Objective: This longitudinal study aimed to evaluate the risk of falls in non-diabetic, prediabetic, and diabetic community-dwelling older people, together with the characteristics of physical functioning in these groups.
Methods: This study enrolled 541 community-dwelling older adults who participated in our cohort study and whose HbA1c (Hemoglobin A1c) levels, body composition, cognitive function, and physical function had been assessed. Previous fall histories were recorded at baseline and subsequently at a 3-year follow-up. Participants were divided into non-diabetic, prediabetic, and diabetic groups, based on both baseline HbA1c levels and selfreport. Falls experienced during the study period were evaluated using the adjusted Cox proportional hazard analysis. In addition, the physical functioning of the study participants with and without diabetes were compared, both with those who experienced falls during the study period, and with those who had not.

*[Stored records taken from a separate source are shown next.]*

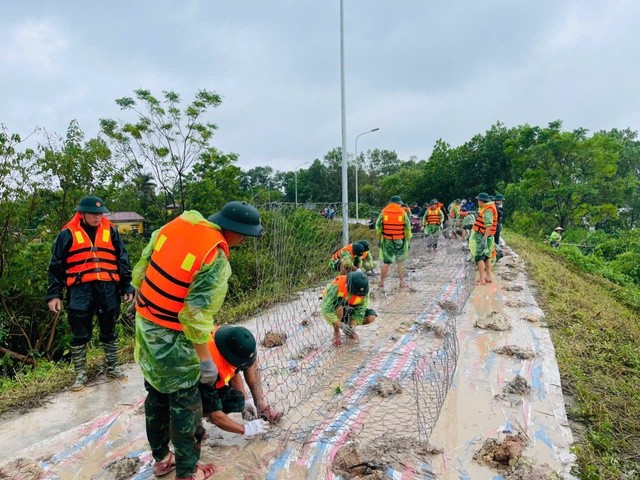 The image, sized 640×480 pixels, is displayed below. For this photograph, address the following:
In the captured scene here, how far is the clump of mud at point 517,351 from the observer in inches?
154

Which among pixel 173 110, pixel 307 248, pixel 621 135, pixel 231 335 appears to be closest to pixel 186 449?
pixel 231 335

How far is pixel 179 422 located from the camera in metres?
2.07

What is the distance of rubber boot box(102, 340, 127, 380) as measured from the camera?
11.8 feet

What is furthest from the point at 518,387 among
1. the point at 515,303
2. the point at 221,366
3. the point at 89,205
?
the point at 89,205

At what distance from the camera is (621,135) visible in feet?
107

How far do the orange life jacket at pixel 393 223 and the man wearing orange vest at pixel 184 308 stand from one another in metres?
4.41

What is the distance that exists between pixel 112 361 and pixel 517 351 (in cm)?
349

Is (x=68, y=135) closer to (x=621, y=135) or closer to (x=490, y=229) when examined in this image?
(x=490, y=229)

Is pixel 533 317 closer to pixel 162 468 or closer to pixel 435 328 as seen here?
pixel 435 328

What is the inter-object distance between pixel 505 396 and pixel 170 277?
8.28 ft

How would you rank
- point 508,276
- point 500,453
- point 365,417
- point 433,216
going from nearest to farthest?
1. point 500,453
2. point 365,417
3. point 508,276
4. point 433,216

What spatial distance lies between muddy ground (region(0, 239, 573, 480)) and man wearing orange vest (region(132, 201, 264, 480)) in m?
0.51

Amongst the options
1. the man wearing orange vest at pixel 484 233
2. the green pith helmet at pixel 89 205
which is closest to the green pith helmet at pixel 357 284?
the green pith helmet at pixel 89 205

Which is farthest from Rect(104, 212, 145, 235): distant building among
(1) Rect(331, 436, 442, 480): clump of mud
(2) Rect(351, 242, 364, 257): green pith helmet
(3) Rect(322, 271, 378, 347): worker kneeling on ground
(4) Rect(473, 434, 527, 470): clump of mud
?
(4) Rect(473, 434, 527, 470): clump of mud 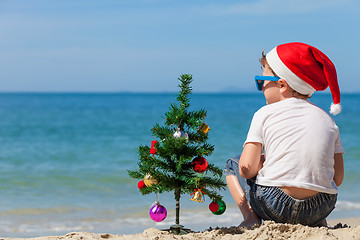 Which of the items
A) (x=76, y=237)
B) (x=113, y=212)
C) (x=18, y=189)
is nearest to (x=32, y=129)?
(x=18, y=189)

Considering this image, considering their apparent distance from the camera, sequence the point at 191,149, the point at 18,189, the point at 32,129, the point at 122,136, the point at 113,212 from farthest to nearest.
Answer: the point at 32,129 → the point at 122,136 → the point at 18,189 → the point at 113,212 → the point at 191,149

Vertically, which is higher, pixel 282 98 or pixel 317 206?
pixel 282 98

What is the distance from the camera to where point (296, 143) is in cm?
286

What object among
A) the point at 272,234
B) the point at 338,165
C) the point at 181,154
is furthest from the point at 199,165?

Results: The incidence rate of falls was 18.8 %, 17.1 %, and 31.6 % in the non-diabetes, prediabetes, and diabetes groups, respectively. The Cox proportional hazard analysis showed that falls were associated with diagnosed diabetes (hazard ratio: 2.99, 95 % confidence interval: 1.52-5.88) but not with prediabetes. The one-leg standing time in fallers was worse in the diabetic group and decreased fastest among these individuals per year.
Conclusions: Implementing countermeasures for decreasing balance function are important to prevent falls in community-dwelling older people with diabetes.